■ **Your assignment**:
From the entries below, work out how many lines contain the string "Lima"; answer with the number alone.

■ **Data for this exercise**:
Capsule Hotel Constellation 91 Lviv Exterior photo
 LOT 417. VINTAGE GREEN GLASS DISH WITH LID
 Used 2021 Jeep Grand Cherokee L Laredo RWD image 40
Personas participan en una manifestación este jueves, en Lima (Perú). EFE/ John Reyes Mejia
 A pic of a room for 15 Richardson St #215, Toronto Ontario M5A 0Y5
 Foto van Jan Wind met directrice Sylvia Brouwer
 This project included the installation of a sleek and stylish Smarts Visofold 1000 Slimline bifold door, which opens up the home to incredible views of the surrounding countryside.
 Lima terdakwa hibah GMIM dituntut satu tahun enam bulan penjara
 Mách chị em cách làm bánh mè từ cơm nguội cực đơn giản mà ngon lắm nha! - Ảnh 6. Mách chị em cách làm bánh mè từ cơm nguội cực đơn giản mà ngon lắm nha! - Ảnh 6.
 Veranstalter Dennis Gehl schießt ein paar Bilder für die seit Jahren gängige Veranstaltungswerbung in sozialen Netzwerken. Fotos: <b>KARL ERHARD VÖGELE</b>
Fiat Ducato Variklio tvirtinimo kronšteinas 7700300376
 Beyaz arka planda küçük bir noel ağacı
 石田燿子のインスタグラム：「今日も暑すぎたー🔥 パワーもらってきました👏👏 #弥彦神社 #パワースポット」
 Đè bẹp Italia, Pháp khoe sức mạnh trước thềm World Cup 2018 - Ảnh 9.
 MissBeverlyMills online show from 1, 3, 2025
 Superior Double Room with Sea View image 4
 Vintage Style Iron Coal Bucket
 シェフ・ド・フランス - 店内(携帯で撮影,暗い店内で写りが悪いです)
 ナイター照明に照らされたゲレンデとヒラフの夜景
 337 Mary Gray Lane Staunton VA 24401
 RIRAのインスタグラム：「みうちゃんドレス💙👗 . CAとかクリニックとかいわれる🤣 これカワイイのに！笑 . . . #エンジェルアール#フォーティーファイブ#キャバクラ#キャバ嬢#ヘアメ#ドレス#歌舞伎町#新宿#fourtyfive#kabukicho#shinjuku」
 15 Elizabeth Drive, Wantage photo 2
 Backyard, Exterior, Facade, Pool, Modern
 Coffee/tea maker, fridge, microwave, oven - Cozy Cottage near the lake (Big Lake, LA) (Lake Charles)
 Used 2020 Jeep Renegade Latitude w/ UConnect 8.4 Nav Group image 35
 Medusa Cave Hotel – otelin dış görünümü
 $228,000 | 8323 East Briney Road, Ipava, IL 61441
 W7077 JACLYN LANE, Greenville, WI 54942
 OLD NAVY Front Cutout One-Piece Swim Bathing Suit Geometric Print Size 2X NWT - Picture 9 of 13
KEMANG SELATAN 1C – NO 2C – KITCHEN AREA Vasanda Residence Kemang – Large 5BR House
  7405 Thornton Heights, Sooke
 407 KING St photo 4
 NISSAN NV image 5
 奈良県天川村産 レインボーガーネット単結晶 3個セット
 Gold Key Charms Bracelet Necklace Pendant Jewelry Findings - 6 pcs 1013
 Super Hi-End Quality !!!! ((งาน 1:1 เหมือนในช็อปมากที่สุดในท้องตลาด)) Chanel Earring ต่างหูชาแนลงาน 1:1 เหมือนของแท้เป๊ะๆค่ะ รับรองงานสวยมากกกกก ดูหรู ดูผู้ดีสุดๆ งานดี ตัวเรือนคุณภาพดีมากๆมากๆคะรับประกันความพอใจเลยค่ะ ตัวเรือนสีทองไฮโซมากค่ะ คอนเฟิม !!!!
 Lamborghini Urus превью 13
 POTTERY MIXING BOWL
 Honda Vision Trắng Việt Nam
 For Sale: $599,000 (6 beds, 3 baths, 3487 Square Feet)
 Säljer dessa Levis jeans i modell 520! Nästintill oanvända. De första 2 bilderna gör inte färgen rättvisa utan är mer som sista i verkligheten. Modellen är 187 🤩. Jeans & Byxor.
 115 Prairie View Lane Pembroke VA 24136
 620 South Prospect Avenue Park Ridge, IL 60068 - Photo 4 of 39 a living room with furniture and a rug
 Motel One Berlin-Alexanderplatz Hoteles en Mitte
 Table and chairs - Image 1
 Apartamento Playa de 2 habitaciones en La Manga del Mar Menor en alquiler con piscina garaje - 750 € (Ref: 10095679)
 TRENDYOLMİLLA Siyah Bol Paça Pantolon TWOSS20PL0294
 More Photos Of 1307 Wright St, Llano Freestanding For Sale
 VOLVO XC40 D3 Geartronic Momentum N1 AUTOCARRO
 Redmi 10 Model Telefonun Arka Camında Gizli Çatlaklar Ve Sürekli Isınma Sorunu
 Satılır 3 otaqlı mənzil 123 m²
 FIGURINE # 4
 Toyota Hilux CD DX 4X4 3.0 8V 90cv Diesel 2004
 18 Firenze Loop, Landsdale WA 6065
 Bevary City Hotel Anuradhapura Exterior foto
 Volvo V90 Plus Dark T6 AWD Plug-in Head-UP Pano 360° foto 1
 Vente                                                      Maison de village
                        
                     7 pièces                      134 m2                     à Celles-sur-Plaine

■ **Task result**:
2